* Task prompt: Each line from the start of the data below through the one containing "And there you" must be reproduced exactly.

* Records to process:

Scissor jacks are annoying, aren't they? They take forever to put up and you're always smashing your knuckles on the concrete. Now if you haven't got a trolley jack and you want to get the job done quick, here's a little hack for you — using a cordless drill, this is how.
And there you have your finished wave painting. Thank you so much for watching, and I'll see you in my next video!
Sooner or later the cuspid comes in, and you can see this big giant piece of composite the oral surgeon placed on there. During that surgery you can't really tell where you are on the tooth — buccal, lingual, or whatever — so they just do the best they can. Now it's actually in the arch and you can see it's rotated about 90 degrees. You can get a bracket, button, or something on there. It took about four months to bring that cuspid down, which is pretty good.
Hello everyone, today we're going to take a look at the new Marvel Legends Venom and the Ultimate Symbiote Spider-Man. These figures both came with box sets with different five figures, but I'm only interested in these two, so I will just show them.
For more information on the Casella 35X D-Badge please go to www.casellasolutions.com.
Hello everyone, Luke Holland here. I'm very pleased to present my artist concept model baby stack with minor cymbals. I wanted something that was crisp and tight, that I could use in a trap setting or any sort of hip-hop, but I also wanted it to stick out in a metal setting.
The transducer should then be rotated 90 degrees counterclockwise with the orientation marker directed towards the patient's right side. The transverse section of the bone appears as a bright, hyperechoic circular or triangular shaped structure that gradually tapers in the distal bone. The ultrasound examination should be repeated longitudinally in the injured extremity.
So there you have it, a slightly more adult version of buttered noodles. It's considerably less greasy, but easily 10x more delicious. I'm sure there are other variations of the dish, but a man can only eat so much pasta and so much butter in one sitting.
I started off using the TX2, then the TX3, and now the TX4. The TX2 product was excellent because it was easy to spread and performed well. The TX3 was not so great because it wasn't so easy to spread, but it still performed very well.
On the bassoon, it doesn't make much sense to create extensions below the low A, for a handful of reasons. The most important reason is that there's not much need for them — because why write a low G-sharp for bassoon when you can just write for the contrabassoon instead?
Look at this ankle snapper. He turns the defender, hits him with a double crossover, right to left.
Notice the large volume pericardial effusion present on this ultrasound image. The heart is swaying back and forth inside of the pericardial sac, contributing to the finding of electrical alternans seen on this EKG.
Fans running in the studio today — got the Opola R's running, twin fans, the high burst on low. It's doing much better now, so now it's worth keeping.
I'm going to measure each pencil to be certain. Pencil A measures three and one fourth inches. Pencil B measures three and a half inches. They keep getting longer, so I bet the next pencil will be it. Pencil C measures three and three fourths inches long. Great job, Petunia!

* Finished exercise:
Scissor jacks are annoying, aren't they? They take forever to put up and you're always smashing your knuckles on the concrete. Now if you haven't got a trolley jack and you want to get the job done quick, here's a little hack for you — using a cordless drill, this is how.
And there you have your finished wave painting. Thank you so much for watching, and I'll see you in my next video!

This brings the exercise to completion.